PROBLEM TO WORK ON >> Would you transcribe the entries below, beginning at the line with "Faruk Sabanci As Faces Fade Original Mix" and ending after the line with "王毅分别会见上合组织秘书长和乌兹别克斯坦、塔吉克斯坦、巴基斯坦、伊朗外长", exactly, with no picture and nothing more?

MATERIAL SHOWN >>
--
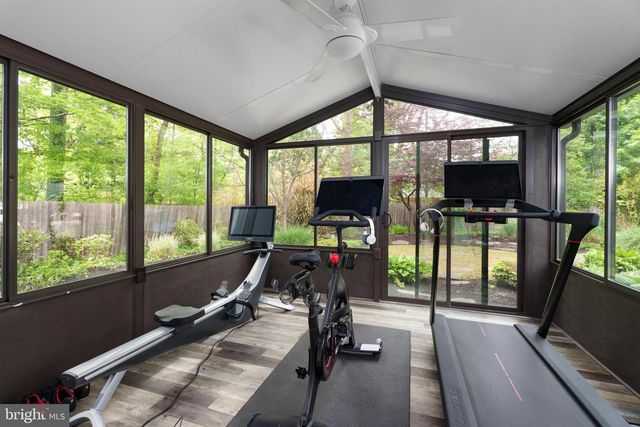 73 WILSON RD, Princeton, NJ 08540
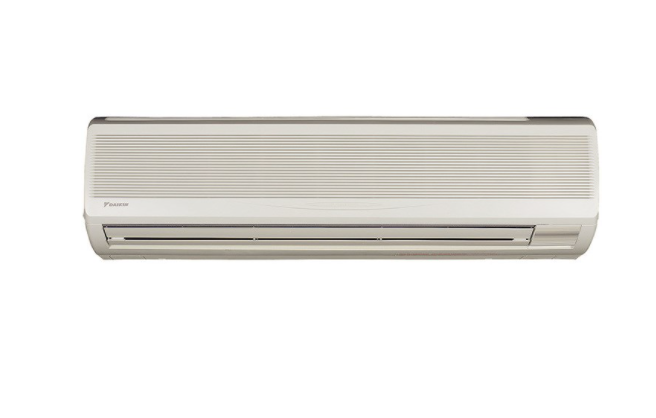 Daikin FAA71A/RQ71BW/-30T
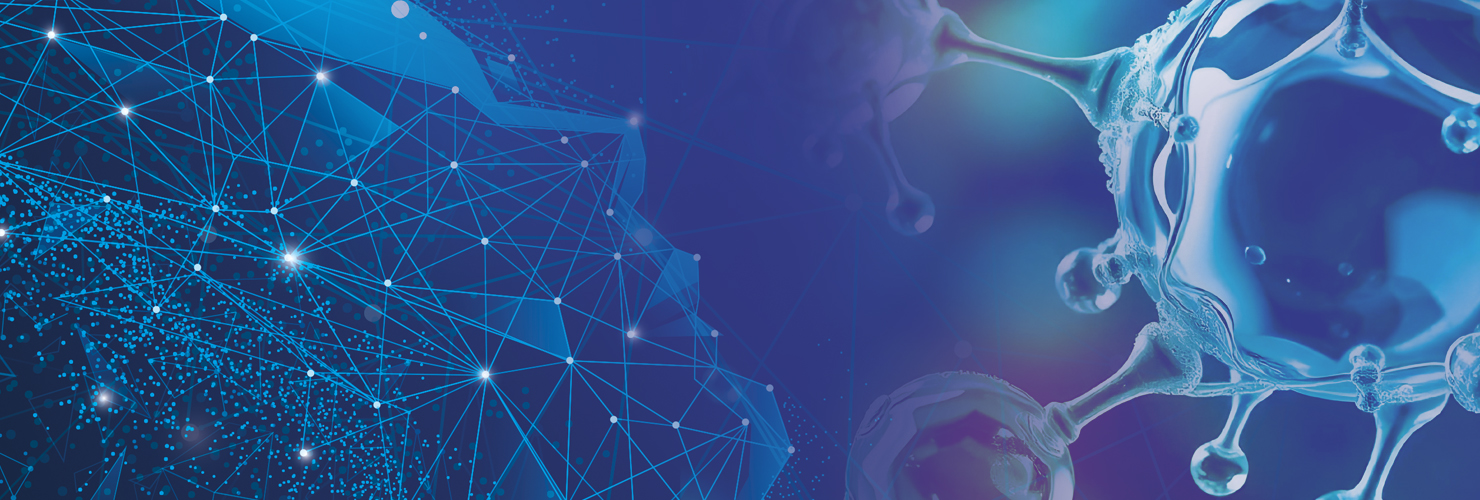 banner - 2024-25 újdonságok2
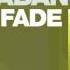 Faruk Sabanci As Faces Fade Original Mix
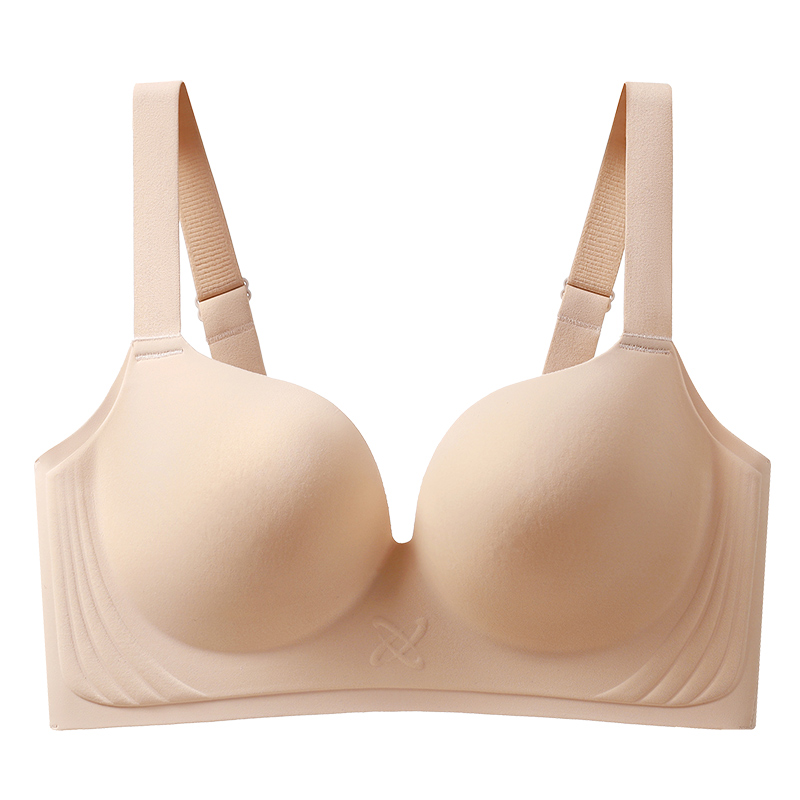 Skin Color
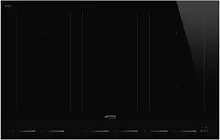 Варочная панель Smeg SIM1864D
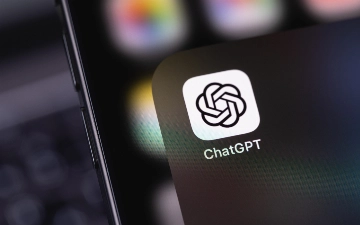 Компания-разработчик ChatGPT представила новую версию нейросети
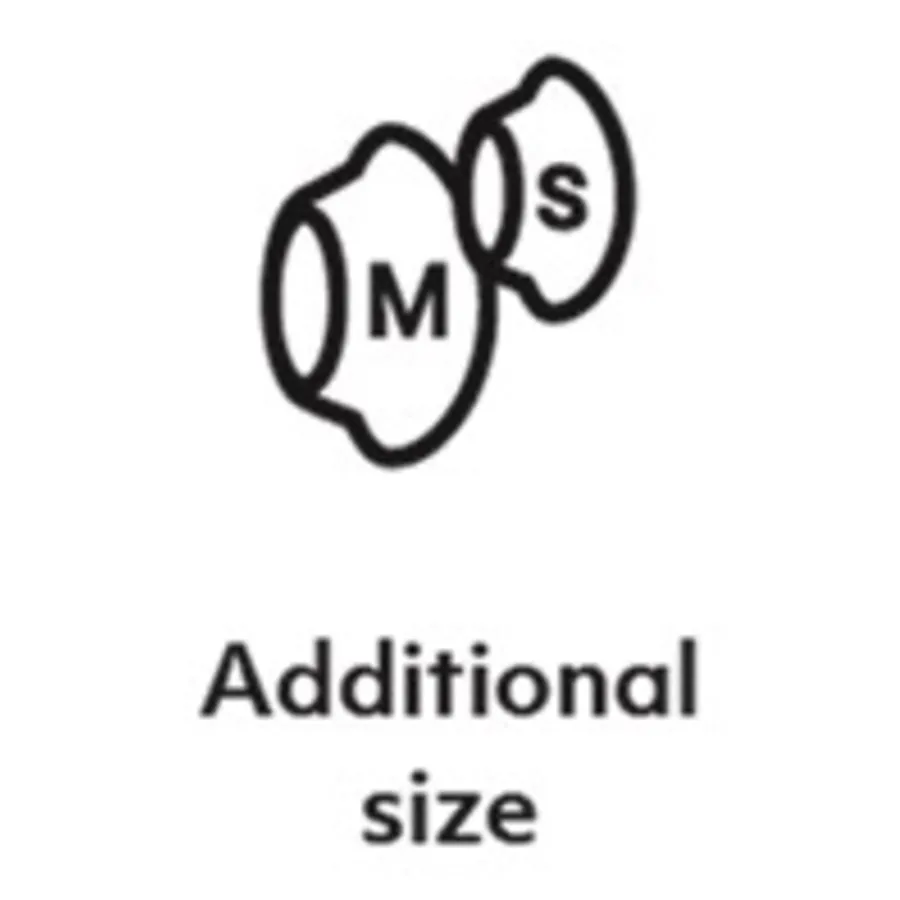 Womanizer Classic 2 Klitoris-Stimulator 2 Bordeaux von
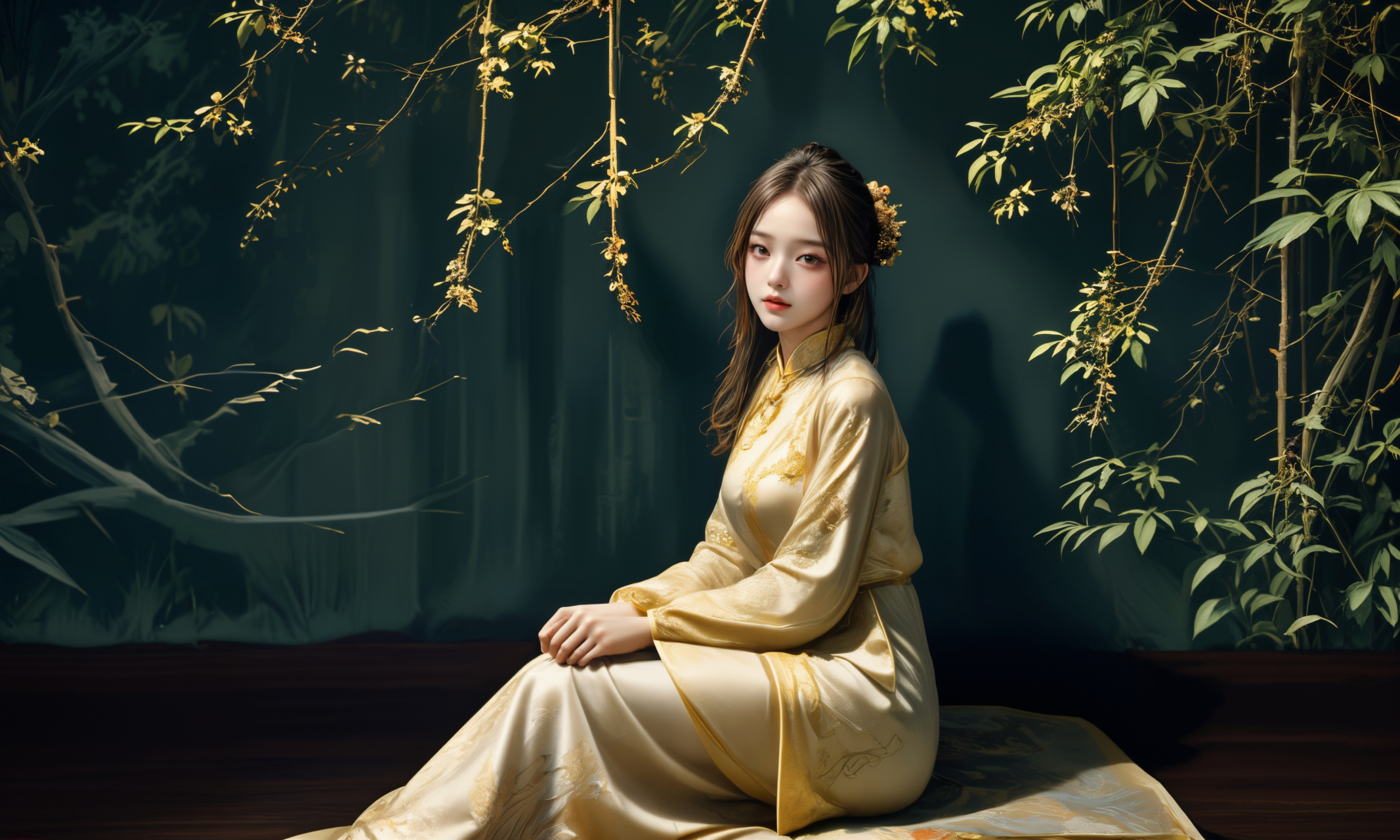 王毅分别会见上合组织秘书长和乌兹别克斯坦、塔吉克斯坦、巴基斯坦、伊朗外长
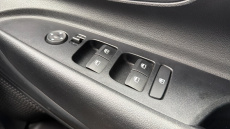 Hyundai i20 1.0T GDi 48V MHD SE Connect 5dr Petrol Hatchback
--
RESPONSE TO THIS EXERCISE >>
 Faruk Sabanci As Faces Fade Original Mix
 Skin Color
 Варочная панель Smeg SIM1864D
 Компания-разработчик ChatGPT представила новую версию нейросети
 Womanizer Classic 2 Klitoris-Stimulator 2 Bordeaux von
 王毅分别会见上合组织秘书长和乌兹别克斯坦、塔吉克斯坦、巴基斯坦、伊朗外长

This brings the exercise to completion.